START Data for this exercise
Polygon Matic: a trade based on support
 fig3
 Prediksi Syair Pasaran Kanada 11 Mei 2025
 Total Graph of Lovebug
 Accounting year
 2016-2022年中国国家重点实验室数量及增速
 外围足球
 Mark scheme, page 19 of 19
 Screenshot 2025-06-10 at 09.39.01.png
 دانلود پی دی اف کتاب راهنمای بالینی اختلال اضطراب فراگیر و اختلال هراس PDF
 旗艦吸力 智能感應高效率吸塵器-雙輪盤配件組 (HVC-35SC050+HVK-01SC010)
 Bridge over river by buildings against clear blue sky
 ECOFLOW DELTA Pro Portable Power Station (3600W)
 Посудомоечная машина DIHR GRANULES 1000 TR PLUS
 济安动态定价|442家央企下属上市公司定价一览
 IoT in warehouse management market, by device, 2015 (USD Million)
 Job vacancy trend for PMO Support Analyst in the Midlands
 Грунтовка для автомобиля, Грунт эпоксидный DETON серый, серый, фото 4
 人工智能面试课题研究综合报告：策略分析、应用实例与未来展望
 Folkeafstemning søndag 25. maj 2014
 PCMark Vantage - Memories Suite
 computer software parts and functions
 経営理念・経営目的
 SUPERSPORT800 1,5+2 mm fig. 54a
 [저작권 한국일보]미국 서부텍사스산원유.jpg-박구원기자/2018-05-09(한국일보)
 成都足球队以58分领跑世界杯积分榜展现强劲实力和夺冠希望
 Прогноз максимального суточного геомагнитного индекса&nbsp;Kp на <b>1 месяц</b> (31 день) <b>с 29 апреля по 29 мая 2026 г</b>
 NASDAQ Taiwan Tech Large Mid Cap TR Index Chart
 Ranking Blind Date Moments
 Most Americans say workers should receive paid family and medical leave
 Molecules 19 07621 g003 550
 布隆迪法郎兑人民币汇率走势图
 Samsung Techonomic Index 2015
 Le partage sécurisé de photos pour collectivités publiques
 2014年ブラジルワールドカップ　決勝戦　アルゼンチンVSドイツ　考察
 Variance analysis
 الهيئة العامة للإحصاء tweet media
END Data for this exercise
Task to complete => Return the number of lines in the data above that include the word "Index", and nothing else.

Solution to the problem => 2